#### Material to process:
---------------
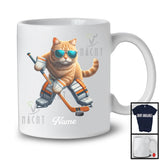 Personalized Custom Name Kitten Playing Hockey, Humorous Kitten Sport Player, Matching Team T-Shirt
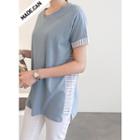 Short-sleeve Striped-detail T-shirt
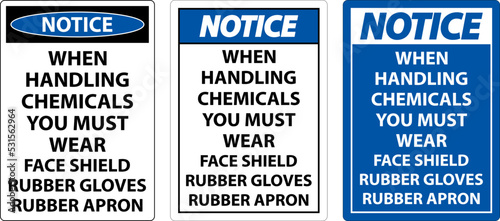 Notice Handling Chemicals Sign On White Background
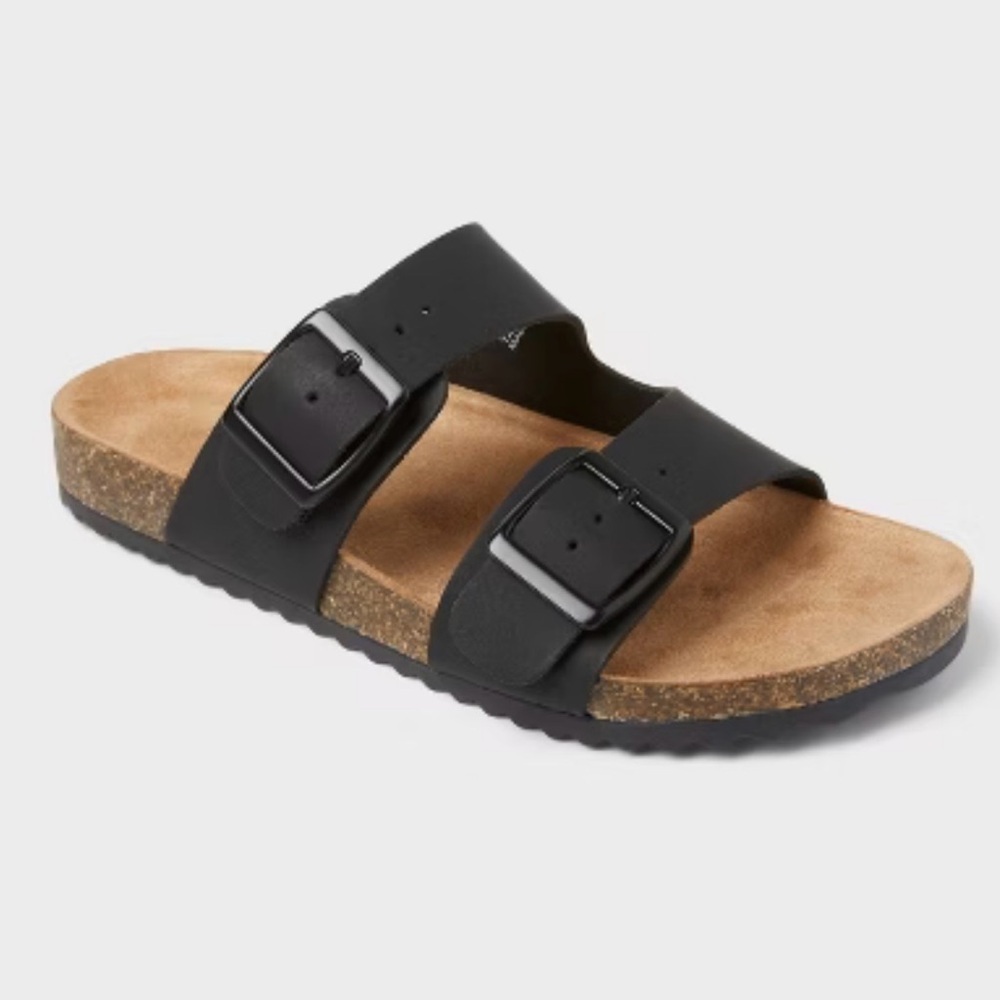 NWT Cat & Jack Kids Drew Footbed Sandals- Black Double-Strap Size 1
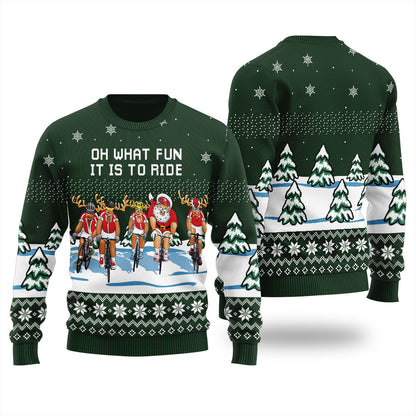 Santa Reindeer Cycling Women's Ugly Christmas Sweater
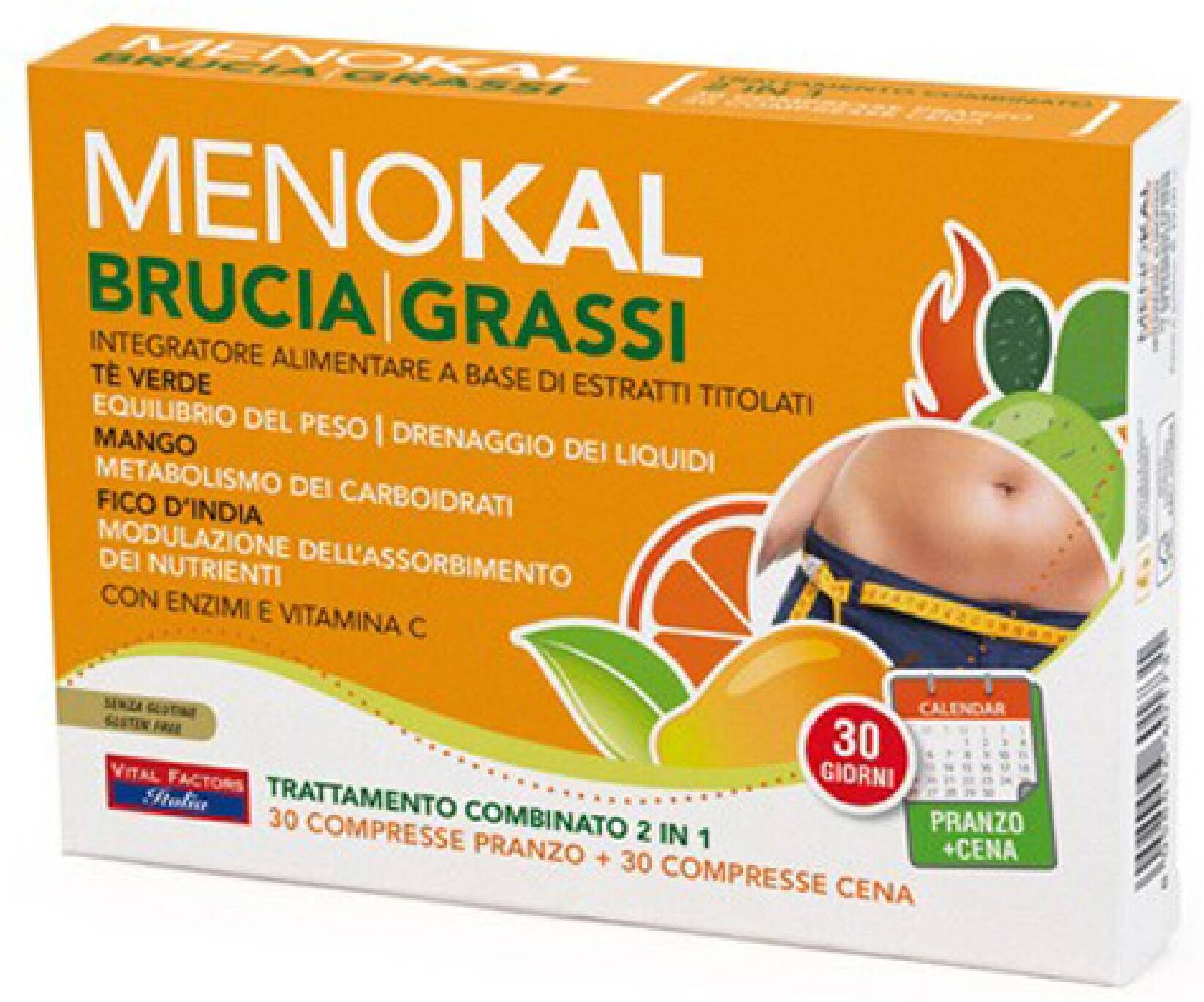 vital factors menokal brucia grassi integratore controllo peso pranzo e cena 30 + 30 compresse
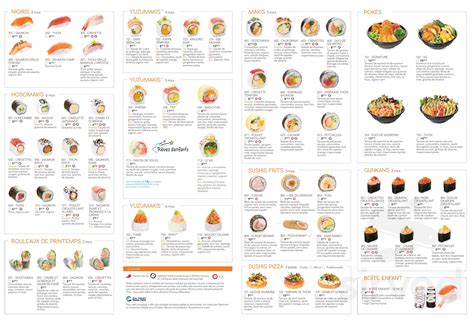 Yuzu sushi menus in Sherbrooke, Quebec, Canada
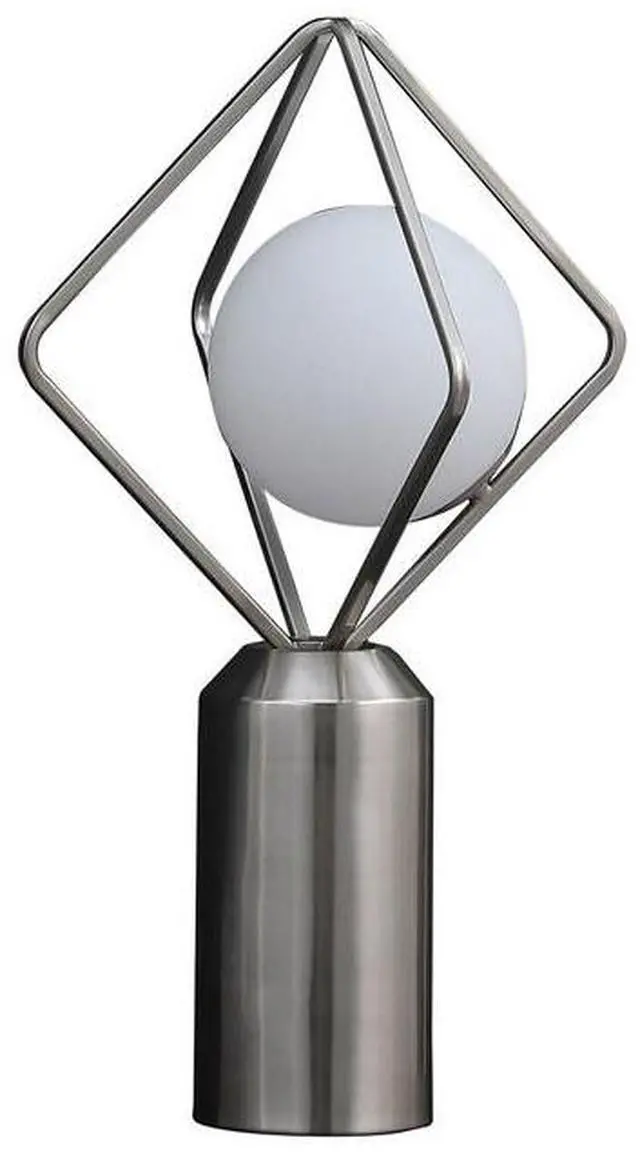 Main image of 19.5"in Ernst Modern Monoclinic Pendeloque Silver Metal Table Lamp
---------------
#### Work instructions:
All of the records must come back exactly as they stand, minus every picture.

#### The completed task:
 Personalized Custom Name Kitten Playing Hockey, Humorous Kitten Sport Player, Matching Team T-Shirt
 Short-sleeve Striped-detail T-shirt
 Notice Handling Chemicals Sign On White Background
 NWT Cat & Jack Kids Drew Footbed Sandals- Black Double-Strap Size 1
 Santa Reindeer Cycling Women's Ugly Christmas Sweater
 vital factors menokal brucia grassi integratore controllo peso pranzo e cena 30 + 30 compresse
 Yuzu sushi menus in Sherbrooke, Quebec, Canada
 Main image of 19.5"in Ernst Modern Monoclinic Pendeloque Silver Metal Table Lamp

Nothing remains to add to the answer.